══ Records provided

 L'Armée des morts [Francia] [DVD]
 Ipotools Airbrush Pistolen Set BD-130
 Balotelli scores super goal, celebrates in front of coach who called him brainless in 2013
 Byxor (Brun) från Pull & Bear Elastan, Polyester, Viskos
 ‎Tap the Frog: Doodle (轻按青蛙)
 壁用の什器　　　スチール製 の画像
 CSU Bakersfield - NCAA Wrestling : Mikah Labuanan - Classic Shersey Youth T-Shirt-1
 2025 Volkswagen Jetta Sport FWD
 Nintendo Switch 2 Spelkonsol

════
══ Records provided

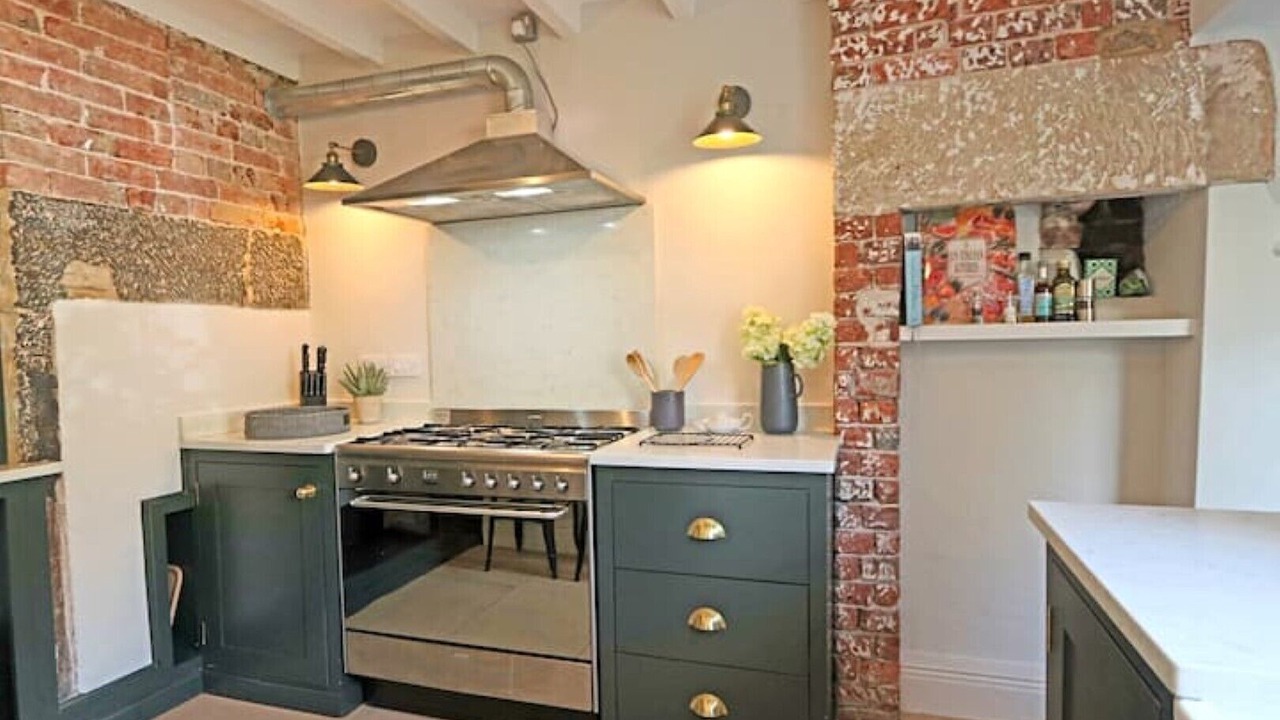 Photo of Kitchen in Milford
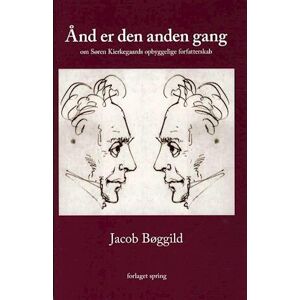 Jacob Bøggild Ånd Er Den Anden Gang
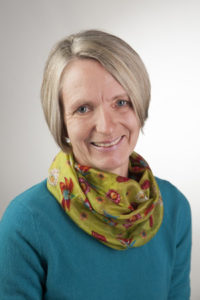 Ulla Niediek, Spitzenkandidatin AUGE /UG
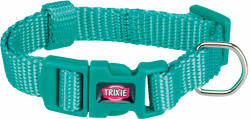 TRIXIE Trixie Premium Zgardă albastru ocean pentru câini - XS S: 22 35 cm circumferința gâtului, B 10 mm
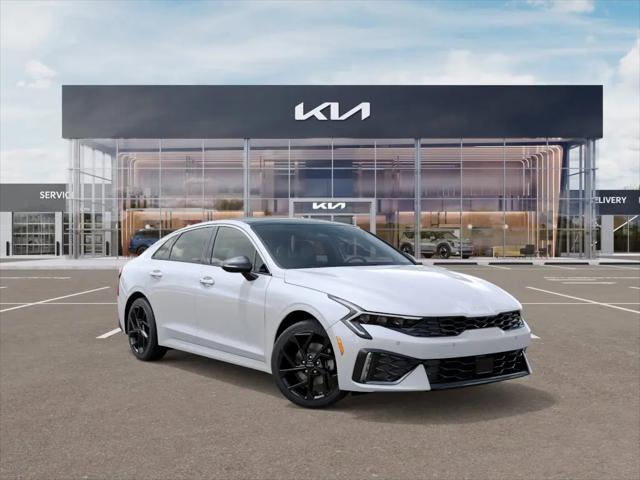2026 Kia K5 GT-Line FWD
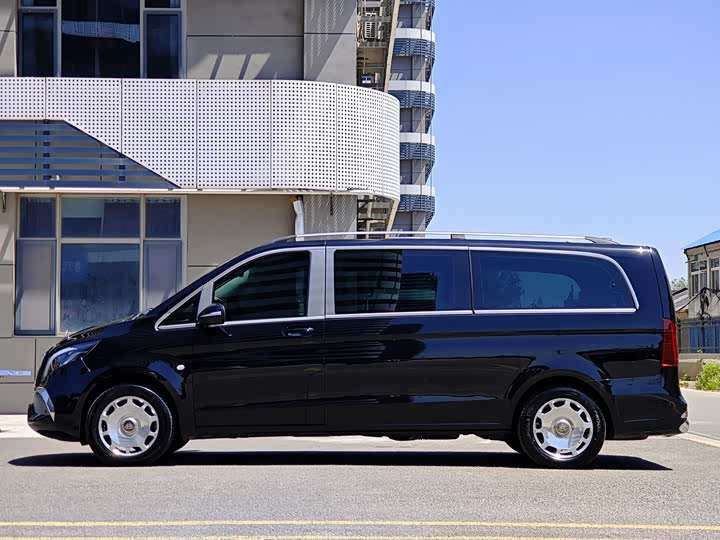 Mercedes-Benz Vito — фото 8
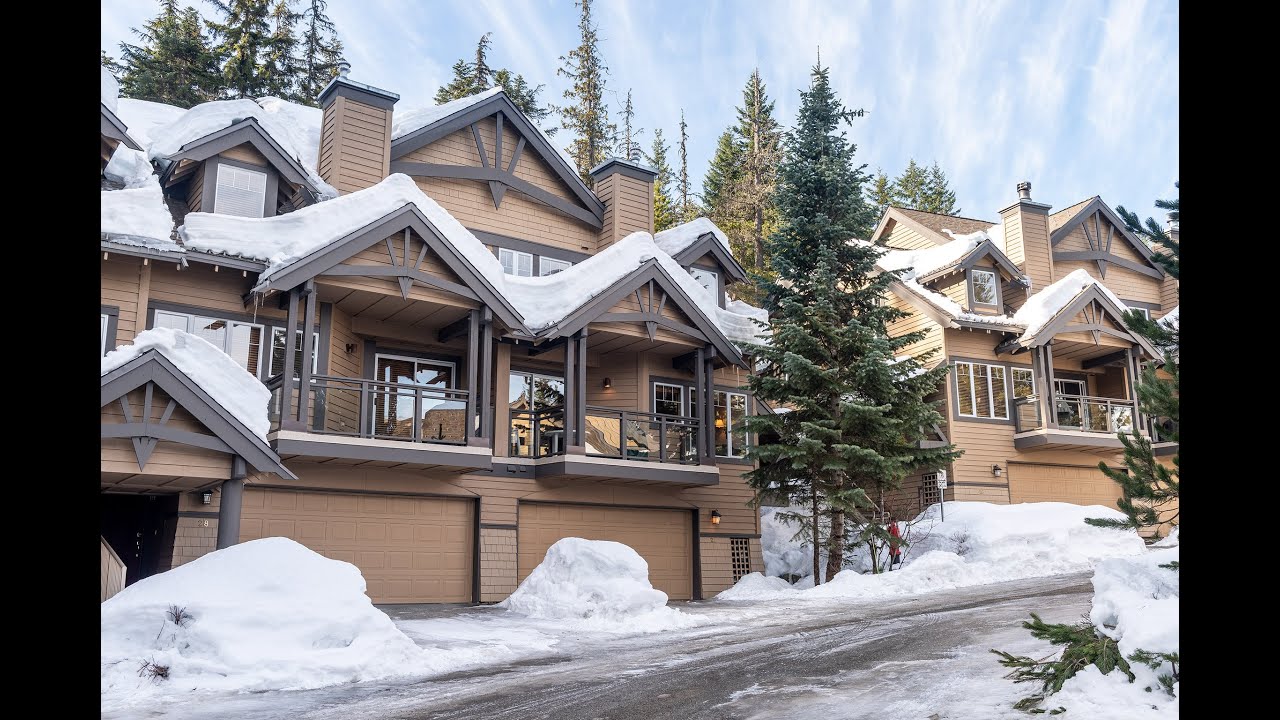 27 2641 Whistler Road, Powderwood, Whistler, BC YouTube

════

Action item >> Output only the stretch above from the line with "2026 Kia K5 GT-Line FWD" through the line with "27 2641 Whistler", reproduced exactly. Exclude pictures.

Task output >>
2026 Kia K5 GT-Line FWD
 Mercedes-Benz Vito — фото 8
 27 2641 Whistler Road, Powderwood, Whistler, BC YouTube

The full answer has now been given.